With three minutes to go in the third quarter of Minnesota’s matchup against Seattle on Friday night, Lynx forward Maya Moore jumped high for a lob pass underneath the Storm basket.

Somewhere in the crowded scrum, Moore collided with a Storm player and fell to the floor. While she lay motionless and the Storm player walked away unharmed, Moore was called for an offensive foul.

“I don’t really have an explanation for it other than that was the call,” Moore said. “ … But you’ve got to play through it. Things are going to happen in ballgames. Calls are going to be made that you don’t like. It’s how you respond.”

Respond she did. And so did her team.

The play sparked an 11-2 run to end the third quarter, and the Lynx cruised to an 82-57 victory over the Storm at the Target Center. After leading by just one at halftime, the Lynx outscored the Storm 25-10 in the third quarter, separating themselves from the Western Conference bottom feeder.

Moore led all players with 23 points and 11 rebounds. Lindsay Whalen added 16 points, and Seimone Augustus 15. Both Whalen and Augusus had four assists also.

“Any time I get hit or something, it just naturally gets my juices flowing,” Moore said. “I try to use every opportunity of adversity to fuel me to be better for my team.”

On the Lynx’s next offensive possession after Moore’s offensive foul, the forward came down the court with a full head of steam and banked in a layup to extend the Lynx lead to nine.

Moments later, she grabbed a defensive rebound and found Augustus, who fed Devereaux Peters for an open layup.

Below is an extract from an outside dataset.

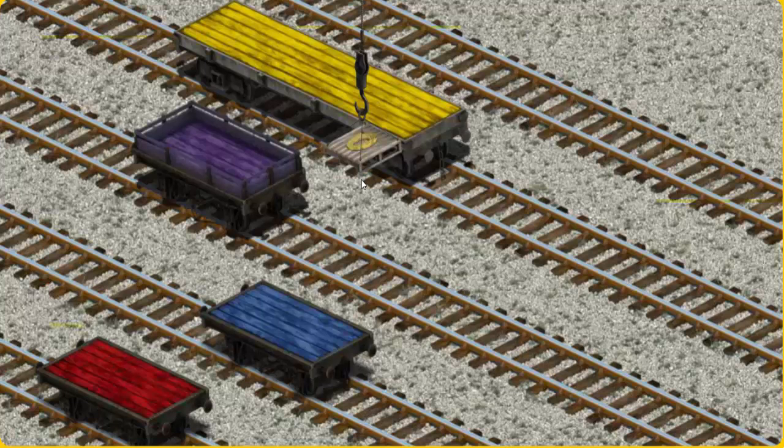Now the cargo must be loaded. Help Cranky find the red flatbed. There you go.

Just eight days ago in Seattle, the Lynx allowed 51 first-half points and late in the second quarter trailed the Storm by 18 points. But in the Lynx’s third-largest comeback victory in team history, they played stout second-half defense and won by three.

On Friday, the Lynx (8-2) knew they had to force the Storm (3-8) off the three-point line. Seattle shot 3-for-6 from behind the arc in the first quarter, but the Lynx held the Storm to just 5-for-18 for the game, and none in the second half.

“That’s just picking up our defensive intensity, getting some deflections, trying to make them take tough shots, staying in plays and then rebounding and running,” Moore said. “When our defense is locked in, our offense is much, much better.”

Standing at half-court before Friday’s game, Lynx coach Cheryl Reeve said that she didn’t think her team played such bad first-half defense against the Storm two weeks ago. It was just a step behind Seattle.

On Friday, the Lynx were a step in front instead, and ran away with the victory.

“A really good second half for us,” Reeve said. “[Seattle] had, I think it was 14 [second-half] points, with five minutes left in the fourth quarter.

“I think we just kind of wore them down and we had a bounce in our step on offense.”